La confusion est-elle intentionnelle ?


À une époque où le storytelling règne sur tous les médias confondus, où la guerre a pris d'autres formes que les affrontements directs sur le terrain, les révélations de Wikileaks pourraient servir d'autres propos que la dénonciation de la diplomatie américaine comme le site de Julian Assange le prétend ou l'espère. Lorsque la situation est trouble, il reste toujours à se poser la question d'à qui profite le crime. Les noms d'oiseaux dont se trouvent affublés les marionnettes qui dirigent les quelques états évoqués ne sont qu'un écran de fumée. Aucun fait n'est révélé qui ne soit connu par le pouvoir étatsunien, ils sont seulement portés à la connaissance d'un plus grand nombre. L'Iran n'a pas d'autre choix que de dénoncer la manipulation qui justifierait l'attaque dont il risque de faire l'objet.

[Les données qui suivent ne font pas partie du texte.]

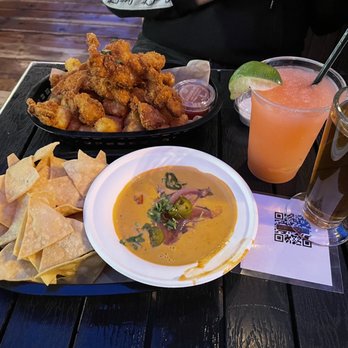 Lookout - Vegan Queso, Hot Toddy - Gay Bars Near Me - San Francisco, California Lookout - Vegan Queso, Hot Toddy - Gay Bars Near Me - San Francisco, California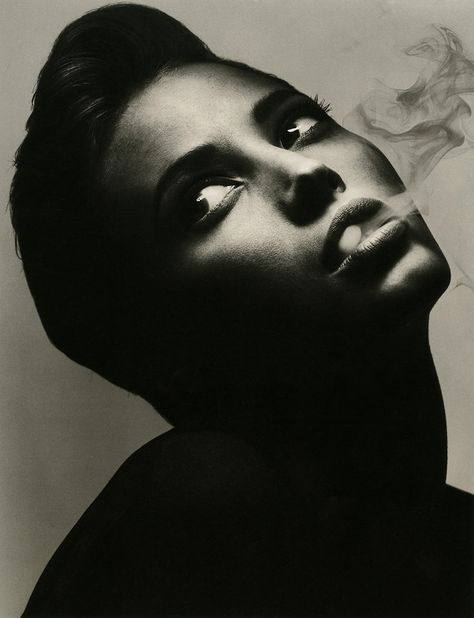 Christy Turlington by Albert Watson Albert Watson, Grace Coddington, Iris Van Herpen, Famous Photographers, Christy Turlington, Beauty Shots, Great Photographers, Mike Tyson, Alfred Hitchcock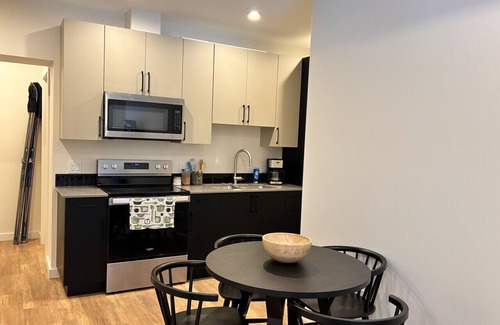 Rossland Apartment | Hanna Creek Suite at Redstone Resort Rossland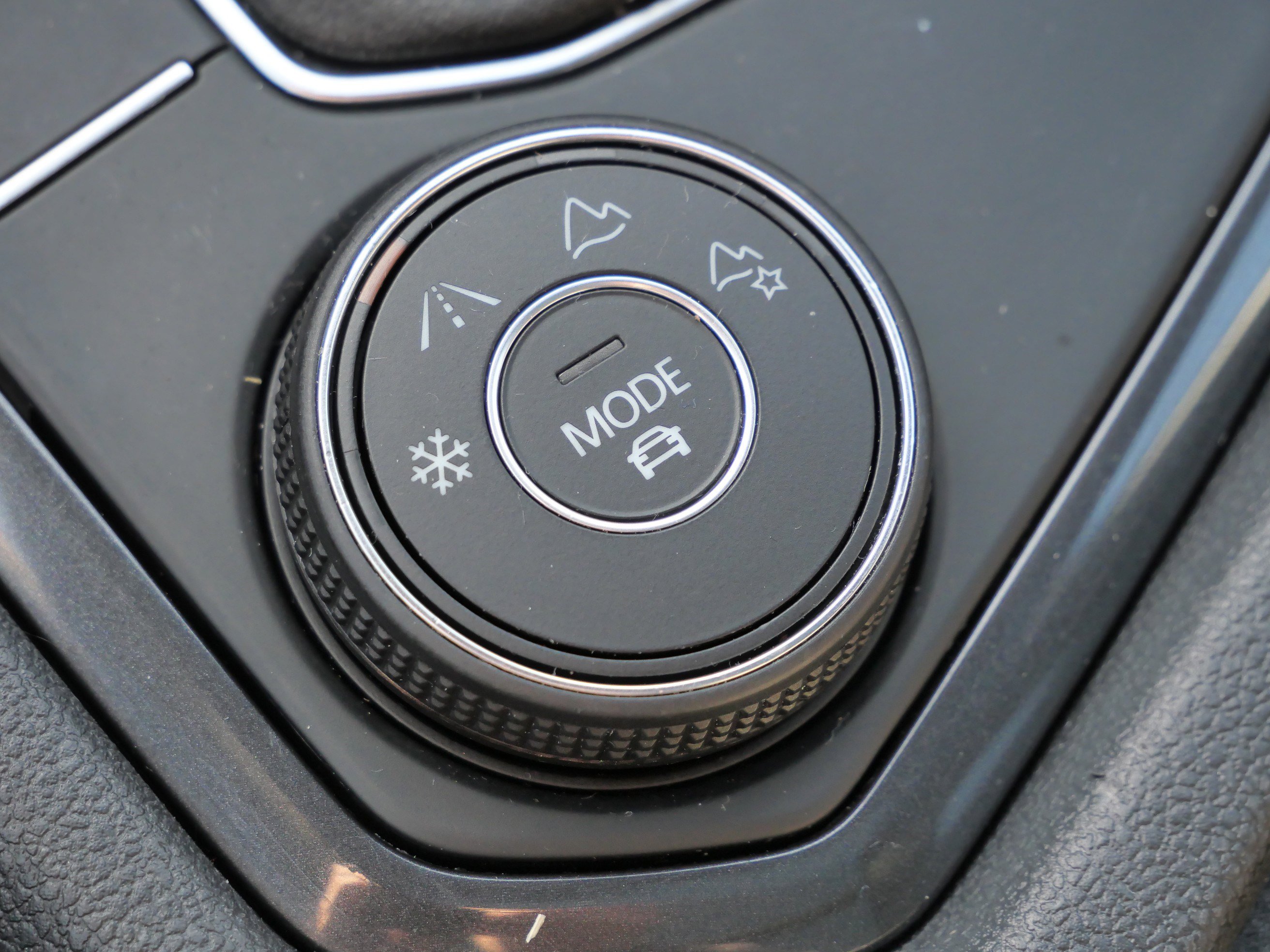 Used 2023 Volkswagen Tiguan SEL R-Line image 28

La Serbie est bien placée pour connaître de quoi sont capables les USA. Je ne défends évidemment aucun de ces deux régimes. Nous sommes en face d'un délire planétaire qui ne date pas d'hier. La guerre est un fléau qui a ses raisons d'être. Il me semble ainsi que les dernières révélations de Wikileaks mettent plus en danger l'Iran que quiconque, à moins qu'il ne s'agisse de déboulonner Obama dont le mandat tiède est bien la catastrophe prévisible. Le site qui se veut de ressource et d'analyse politique et sociétale n'est qu'un cousin du Canard Enchaîné qui publie ce que les autres médias n'oseraient faire de crainte, par exemple, qu'on leur coupe le fil d'informations. Pour un journaliste furieux qu'on le censure, pour un politique désireux de dégommer insidieusement un concurrent, ces publications sont le dernier recours. On sait que le Canard a perdu son principal informateur quand notre président de la république actuel a été élu. Son principal opposant, du même côté de l'hémicycle que lui, est probablement à l'origine des affaires qui le mettent à son tour aujourd'hui en difficulté.

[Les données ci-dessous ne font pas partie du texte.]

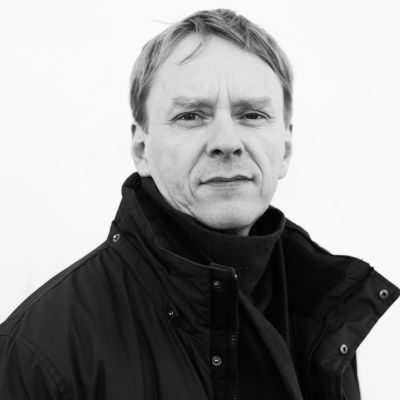 En ljushårig man i mörk jacka.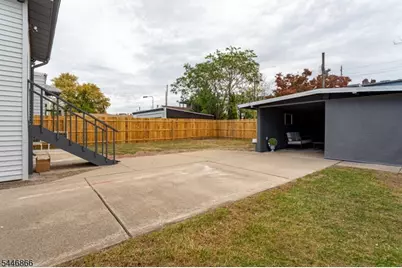 11 Edison St, Bloomfield, NJ 07003 - Photo 48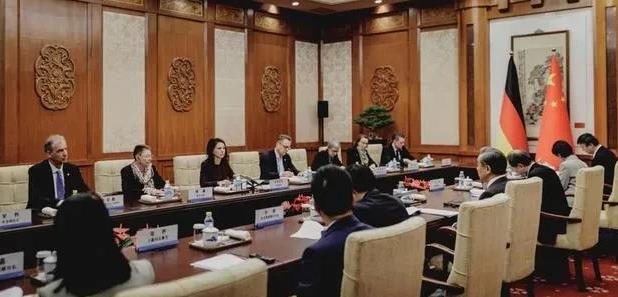 中德外长在北京长谈3个小时，王毅当面送上两句忠告。王毅外长对德国提出了哪些要求？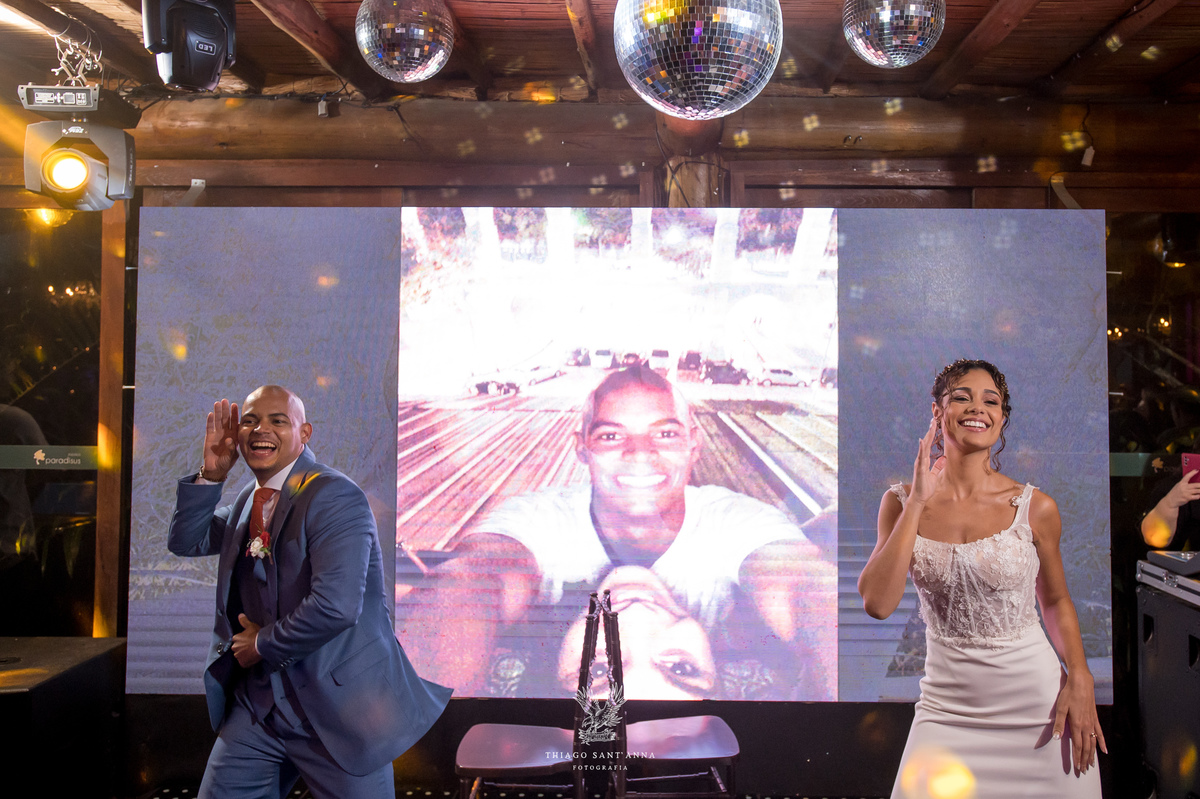 Noivos na pista de dança.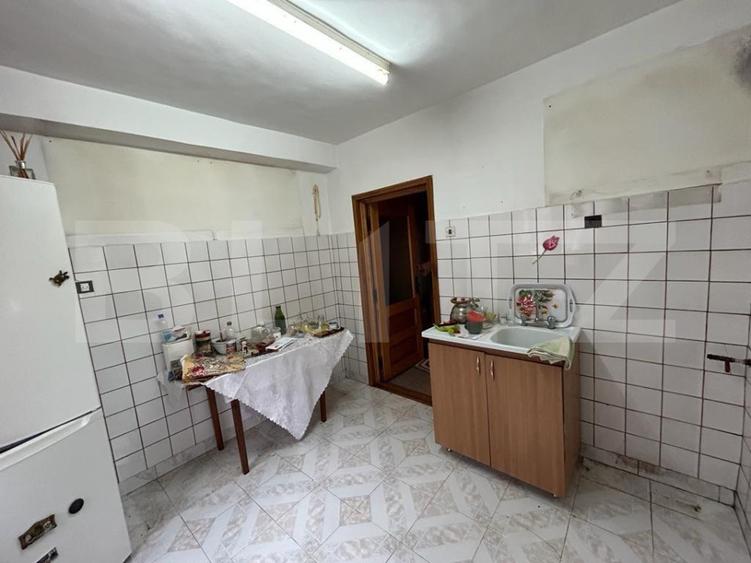 Casa mutifunctionala, 380 mp utili, pretabila pentru activitati comerciale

La guerre est médiatique lorsqu'elle s'exerce dans les pays riches. Elle n'est sanglante que dans ceux à qui ces états vendent les armes qu'ils fabriquent. Si nous arrêtions d'en produire le carnage ne pourrait se perpétuer. Les petits gangsters que le pouvoir met en prison ne pourraient non plus jouer de leurs armes à feu. Lorsque je vivais en appartement, je m'étais rendu compte qu'en coupant les griffes de mes chats ils ne se battaient presque plus. Mais ici il s'agit de l'opinion publique. On sortira Dieu des archives pour marcher de part et d'autre derrière son étendard. On fait trembler l'Europe à l'idée de recevoir une ogive nucléaire lancée depuis Téhéran. Il n'y a pas de guerre sans que les populations les cautionnent. Wikileaks publie ce qu'on lui envoie sous le sceau du secret. Les 250 000 dépêches sont probablement (presque) toutes authentiques. Mais cette fois elles servent peut-être d'autres intérêts que les documents sur la guerre en Irak. C'est de bonne guerre, diront les plus cyniques.

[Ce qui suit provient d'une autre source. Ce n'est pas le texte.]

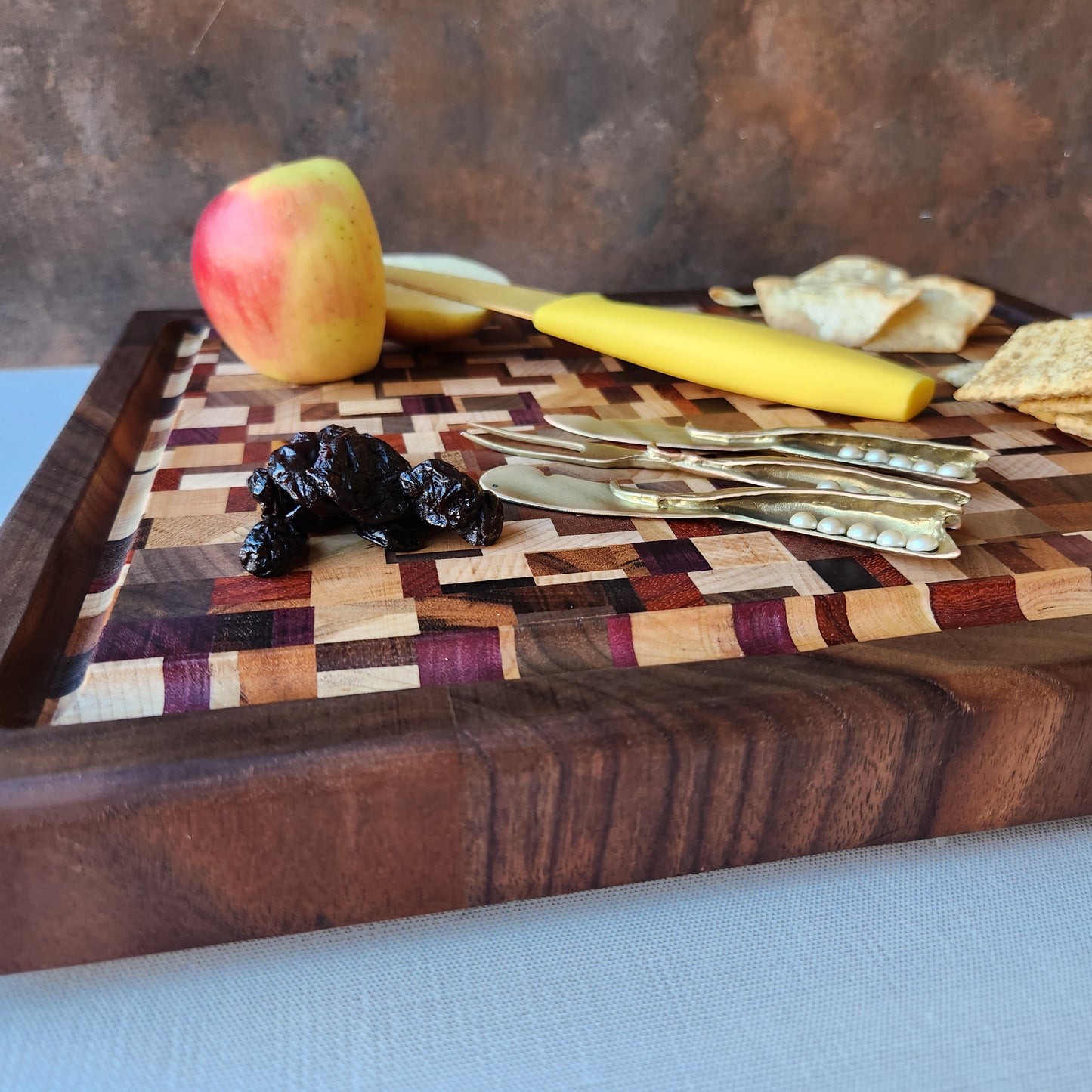 Checkered Cutting Board by Rhino Woodworking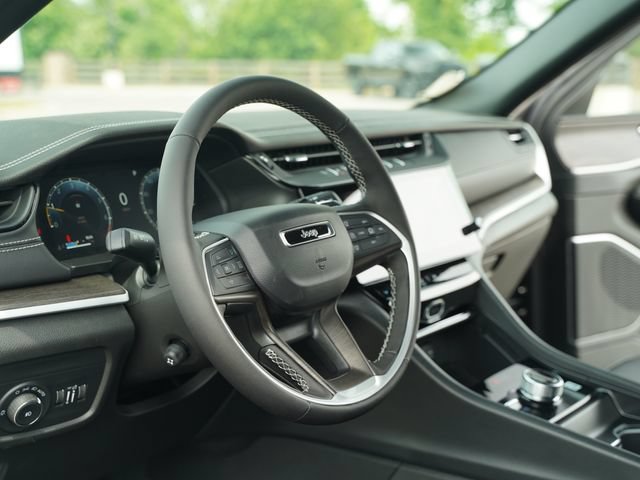 New 2026 Jeep Grand Cherokee Limited w/ Luxury Tech Group II AWD/4WD image 26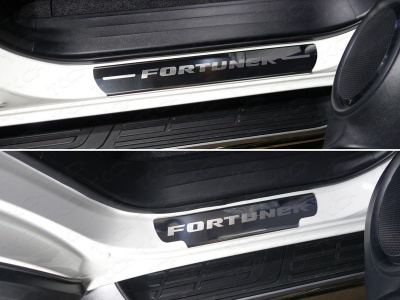 Toyota Fortuner (17–) Накладки на пороги (лист зеркальный надпись Fortuner) 4шт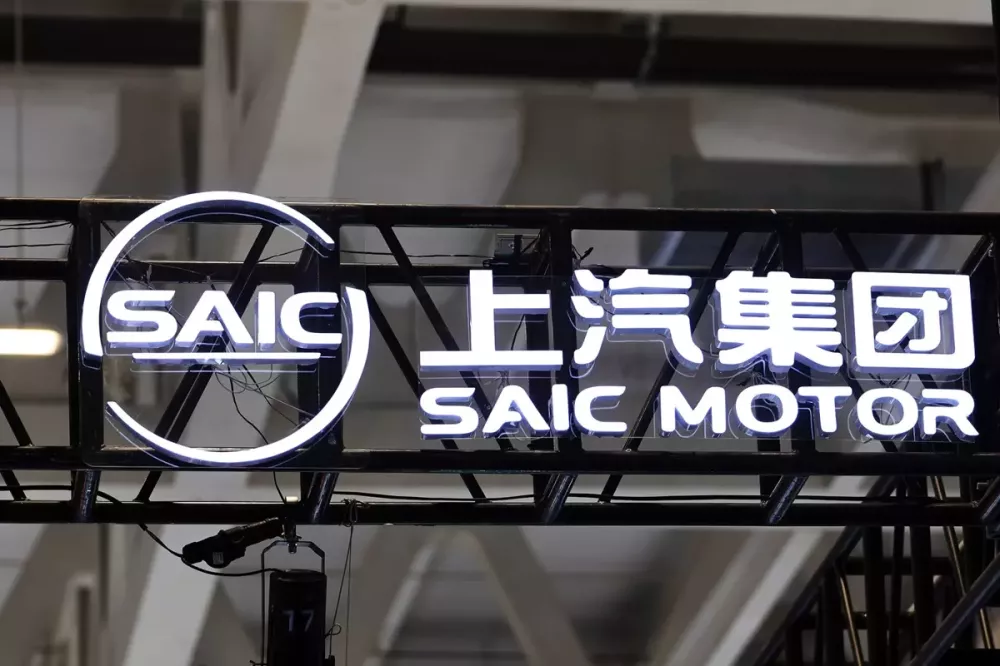 SAIC trở thành hãng xe Trung Quốc đầu tiên cán mốc doanh số 100 triệu xe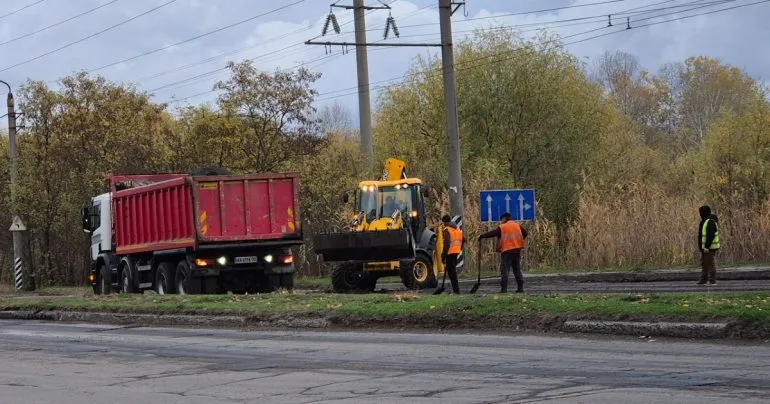 Полтава може спрямувати зекономлені взимку кошти на ремонт доріг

Les moyens d'analyse sont faussés par des concepts périmés, je pense par exemple à l'opposition gauche-droite, à celle de la dictature et de la démocratie, aux théories du complot ou à la foi, ce qui ne facilite pas l'émergence de propositions concrètes et constructives. L'exploitation de l'homme par l'homme reste une constante, mais la plupart des individus n'ont pas conscience de leurs failles et de leurs déviances. Je me fais régulièrement incendier lorsque j'avance la misogynie de notre société, tous sexes mêlés, parce qu'aucun de mes détracteurs ne s'estiment visés, alors que je ne me mets pas moi-même en marge de cette problématique. Comme jadis personne n'était raciste, mais etc. Nombreuses et nombreux parmi nous prétendent vouloir sauver la planète de la destruction, mais les décisions seraient tellement impopulaires qu'on risquerait le bûcher à réfléchir tout haut à quelques débuts de solutions. Nous vivons sur un terreau d'absurdités qui nous explose à la figure. De la démographie galopante à la course au profit il n'y a pas de place pour le partage et une écologie des relations humaines sans prendre conscience de l'existence et du rôle des autres espèces. La confusion est totale. Sur les six milliards d'humains et les milliards de milliards d'êtres qui peuplent la Terre elle ne sert qu'un tout petit nombre de privilégiés dont nous faisons tous partie à des degrés divers. Si mes propos paraissent confus, entendre que le complot existe mais que nous en sommes les auteurs.